::: Records supplied

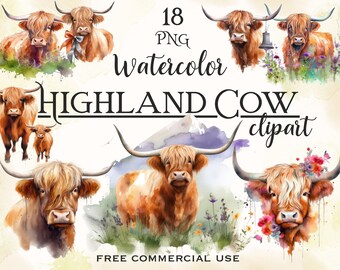 May include: Watercolor clipart set of 18 Highland cows in various poses. The cows are brown and white with long, shaggy hair. Some cows are wearing flowers, while others are standing in a field of wildflowers. The text "HIGHLAND COW clipart" is written in black letters on a white background.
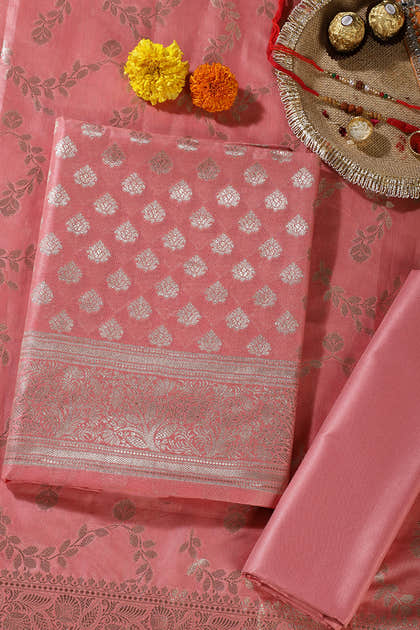 Peach Silk Zari Woven Unstitched Suit Fabric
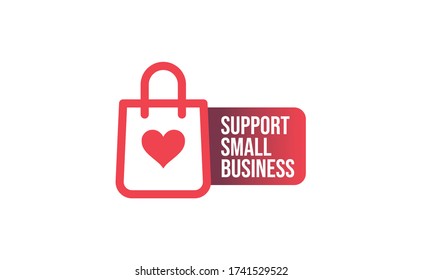 Support small business sticker. Popular Social Media design. Vector file. Buy local.
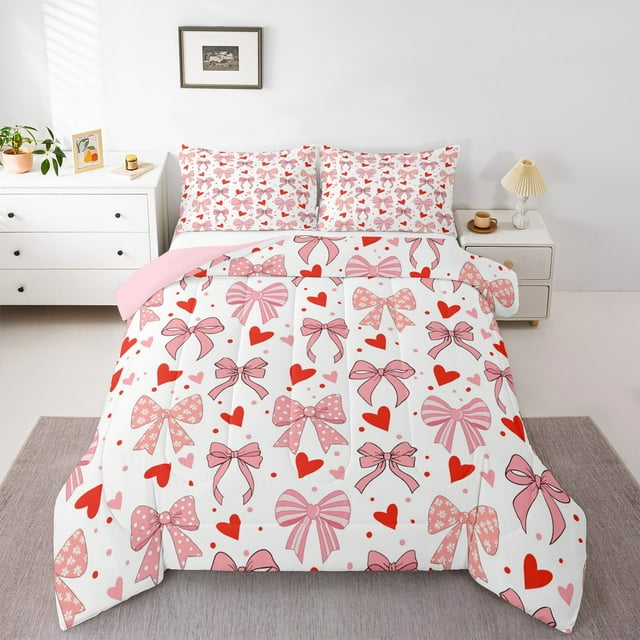 Erosebridal Ensembles de Couettes Motif Nœud pour Lit Grand, Couettes et Duvets Dessin Animé Nœud Nœud, Literie à Pois Rouges Hlove Ensemble de Couette Grand pour Ados, Décoratif de Chambre Léger Réversible, 3 Pcs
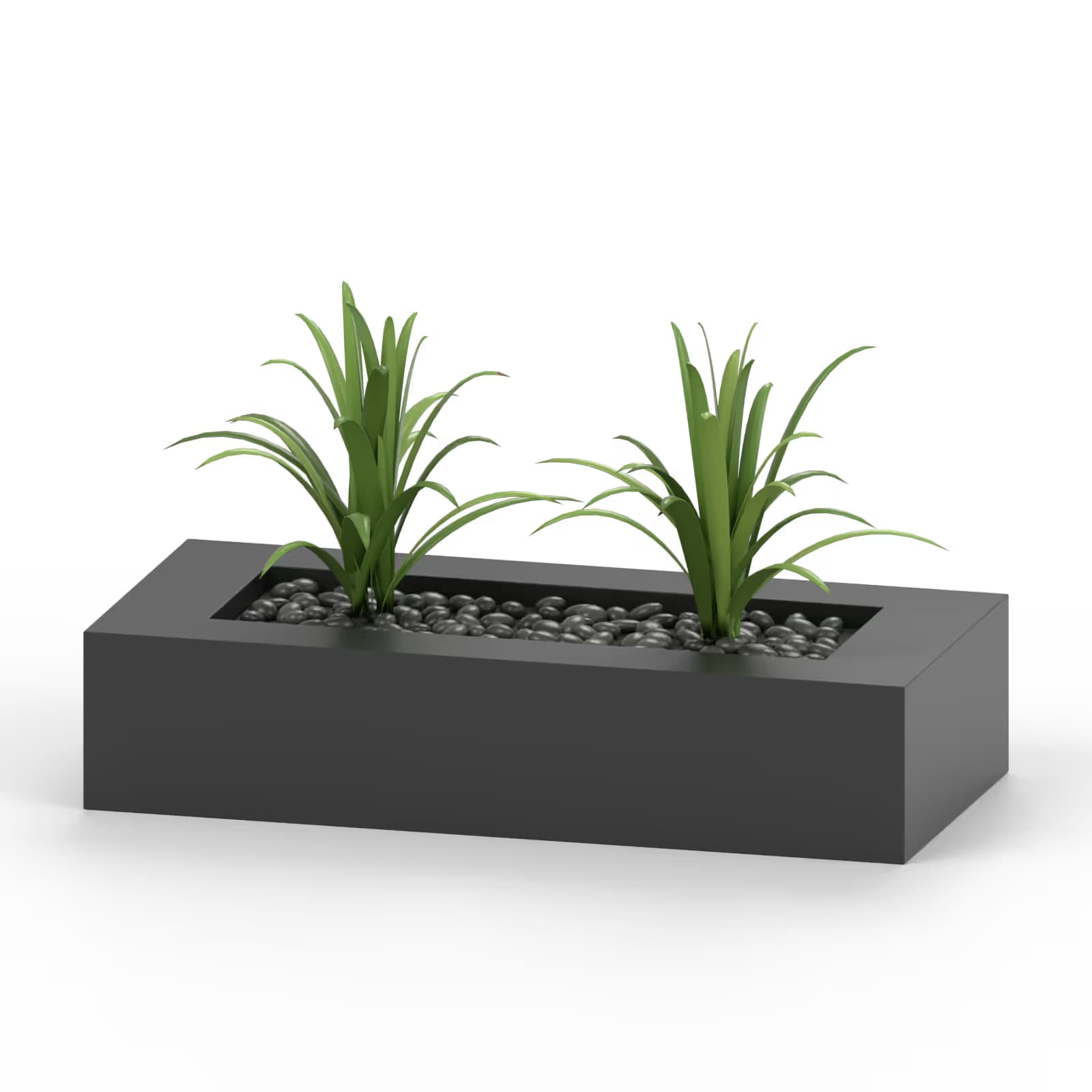 MyGift Artificial Green Grass in Rectangular Black Wood Pot — Black, 9.3 inch image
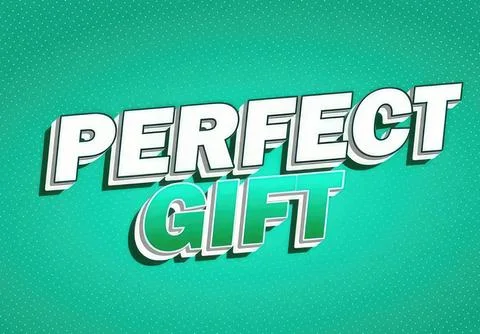 Perfect gift text in bold 3d style on green background Stock Illustration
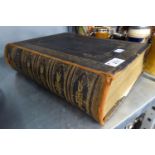 VICTORIAN 'BROWNS' LARGE FAMILY BIBLE, ILLUSTRATED WITH COLOUR PLATES, TOOLED AND GILT MOROCCO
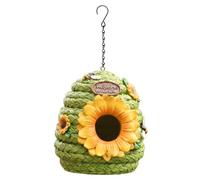 Cottage Style Outdoor Birdhouse, Sunflower & Bee Decor, Green Resin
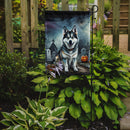 Alaskan Malamute Spooky Halloween Garden Flag – Dog in Cemetery Scene
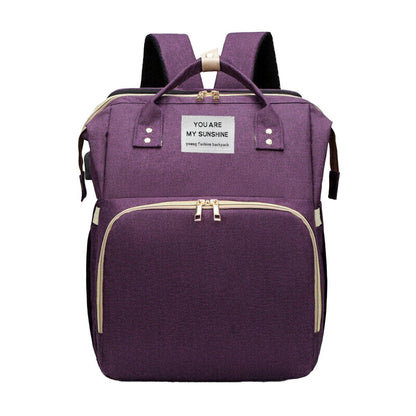 Foldable Travel Backpack with Portable Rest Mat - Grey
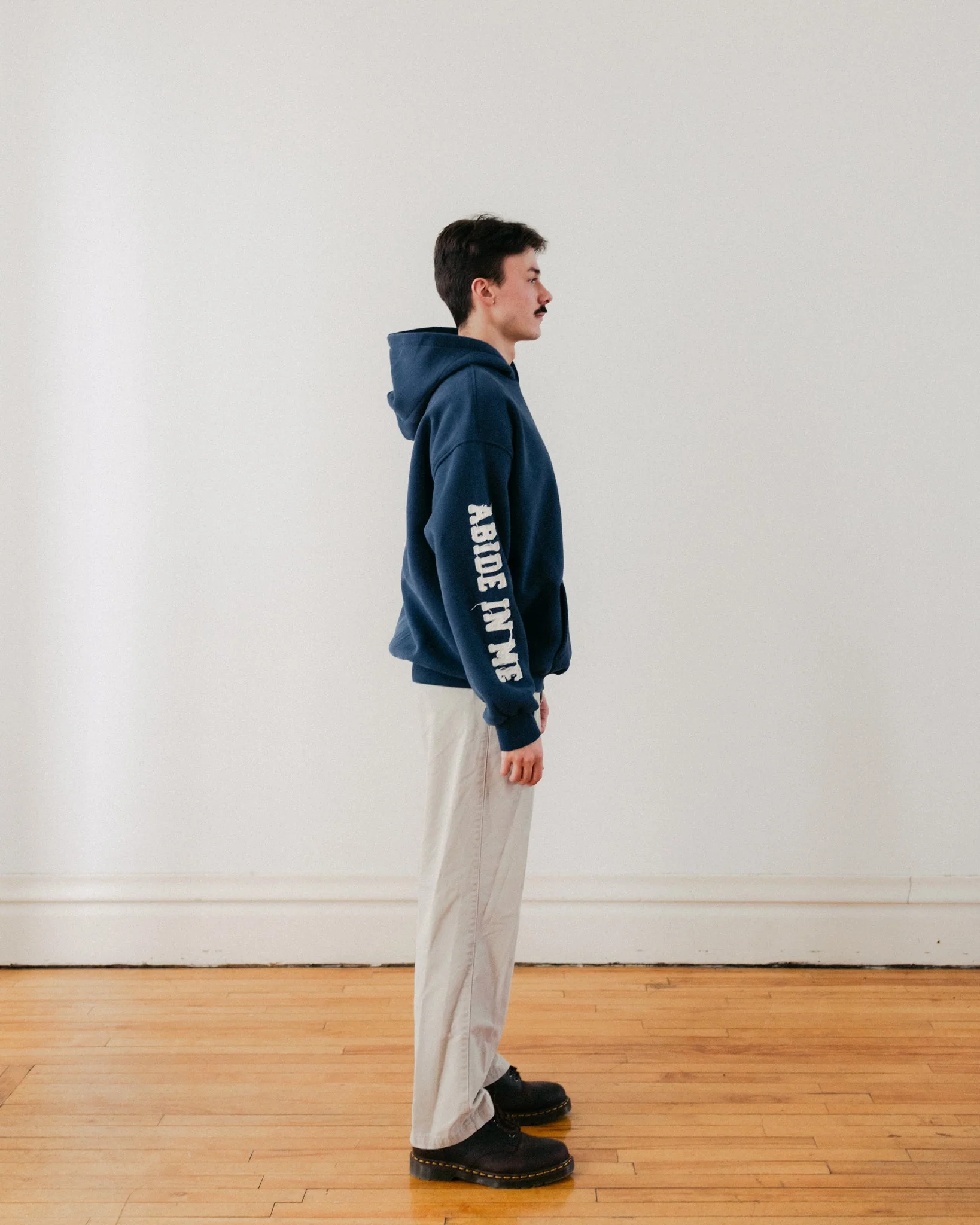 "Abide" Navy Comfort Hoodie - Image 5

::::::

**Task instructions**
Repeat verbatim the lines between the start of the data and the line containing "VICTORIAN 'BROWNS' LARGE", both ends included, omitting all pictures.

**Output for this exercise**
 May include: Watercolor clipart set of 18 Highland cows in various poses. The cows are brown and white with long, shaggy hair. Some cows are wearing flowers, while others are standing in a field of wildflowers. The text "HIGHLAND COW clipart" is written in black letters on a white background.
 Peach Silk Zari Woven Unstitched Suit Fabric
 Support small business sticker. Popular Social Media design. Vector file. Buy local.
 Erosebridal Ensembles de Couettes Motif Nœud pour Lit Grand, Couettes et Duvets Dessin Animé Nœud Nœud, Literie à Pois Rouges Hlove Ensemble de Couette Grand pour Ados, Décoratif de Chambre Léger Réversible, 3 Pcs
 MyGift Artificial Green Grass in Rectangular Black Wood Pot — Black, 9.3 inch image
 Perfect gift text in bold 3d style on green background Stock Illustration
 VICTORIAN 'BROWNS' LARGE FAMILY BIBLE, ILLUSTRATED WITH COLOUR PLATES, TOOLED AND GILT MOROCCO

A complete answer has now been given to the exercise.